Problem description:
A verbatim reproduction of the lines below, from the line containing "586 Fairfax St, Birmingham, MI" through the line containing "bathroom with white", both ends included, is the whole required output.

Provided data:
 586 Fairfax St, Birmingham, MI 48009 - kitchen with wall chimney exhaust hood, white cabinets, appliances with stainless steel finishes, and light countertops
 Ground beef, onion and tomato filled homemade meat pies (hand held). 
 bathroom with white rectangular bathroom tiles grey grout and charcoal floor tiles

* * *

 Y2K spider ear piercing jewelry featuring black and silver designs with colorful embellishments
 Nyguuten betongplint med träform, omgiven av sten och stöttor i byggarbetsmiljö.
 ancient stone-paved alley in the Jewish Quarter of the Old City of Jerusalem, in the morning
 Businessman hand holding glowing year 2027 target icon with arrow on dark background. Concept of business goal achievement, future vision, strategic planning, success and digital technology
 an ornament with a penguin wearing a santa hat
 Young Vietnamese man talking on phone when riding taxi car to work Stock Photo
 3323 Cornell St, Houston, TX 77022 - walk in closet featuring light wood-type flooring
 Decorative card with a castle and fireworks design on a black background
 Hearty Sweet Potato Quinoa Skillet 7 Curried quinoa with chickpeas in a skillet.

==

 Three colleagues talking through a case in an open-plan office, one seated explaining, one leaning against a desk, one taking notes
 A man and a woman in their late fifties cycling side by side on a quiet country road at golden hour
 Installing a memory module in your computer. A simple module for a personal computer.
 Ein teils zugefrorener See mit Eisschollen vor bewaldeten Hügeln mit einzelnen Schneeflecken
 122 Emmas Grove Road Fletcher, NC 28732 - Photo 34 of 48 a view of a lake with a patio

Answer space:
 586 Fairfax St, Birmingham, MI 48009 - kitchen with wall chimney exhaust hood, white cabinets, appliances with stainless steel finishes, and light countertops
 Ground beef, onion and tomato filled homemade meat pies (hand held). 
 bathroom with white rectangular bathroom tiles grey grout and charcoal floor tiles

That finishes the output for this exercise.